# [Task instructions]
Every line below that contains the word "from" must be copied.
START Available data
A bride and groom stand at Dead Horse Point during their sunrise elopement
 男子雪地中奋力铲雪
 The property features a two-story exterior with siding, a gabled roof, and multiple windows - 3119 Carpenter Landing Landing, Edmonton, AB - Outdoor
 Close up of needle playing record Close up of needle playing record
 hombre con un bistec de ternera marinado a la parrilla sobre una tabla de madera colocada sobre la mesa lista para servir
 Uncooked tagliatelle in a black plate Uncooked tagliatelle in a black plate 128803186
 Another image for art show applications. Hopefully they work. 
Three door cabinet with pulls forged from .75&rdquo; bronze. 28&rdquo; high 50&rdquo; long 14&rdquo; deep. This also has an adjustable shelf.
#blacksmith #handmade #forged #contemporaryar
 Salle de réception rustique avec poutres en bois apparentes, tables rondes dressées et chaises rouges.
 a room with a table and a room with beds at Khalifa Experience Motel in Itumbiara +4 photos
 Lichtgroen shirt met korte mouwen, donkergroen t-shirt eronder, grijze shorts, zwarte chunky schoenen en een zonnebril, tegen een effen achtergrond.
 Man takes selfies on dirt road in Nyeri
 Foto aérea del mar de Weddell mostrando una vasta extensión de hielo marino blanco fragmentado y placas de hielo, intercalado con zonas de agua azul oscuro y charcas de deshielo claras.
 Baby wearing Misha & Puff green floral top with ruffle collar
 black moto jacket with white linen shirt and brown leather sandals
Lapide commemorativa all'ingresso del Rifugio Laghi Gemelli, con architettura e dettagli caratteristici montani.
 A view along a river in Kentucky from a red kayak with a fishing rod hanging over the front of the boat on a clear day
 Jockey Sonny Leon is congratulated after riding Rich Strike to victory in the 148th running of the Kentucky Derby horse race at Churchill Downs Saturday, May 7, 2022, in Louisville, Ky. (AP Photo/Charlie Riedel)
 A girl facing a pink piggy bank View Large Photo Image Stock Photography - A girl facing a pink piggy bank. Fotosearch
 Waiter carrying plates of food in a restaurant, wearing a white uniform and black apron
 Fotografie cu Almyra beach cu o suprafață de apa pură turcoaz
END Available data
# [Response]
Three door cabinet with pulls forged from .75&rdquo; bronze. 28&rdquo; high 50&rdquo; long 14&rdquo; deep. This also has an adjustable shelf.
 A view along a river in Kentucky from a red kayak with a fishing rod hanging over the front of the boat on a clear day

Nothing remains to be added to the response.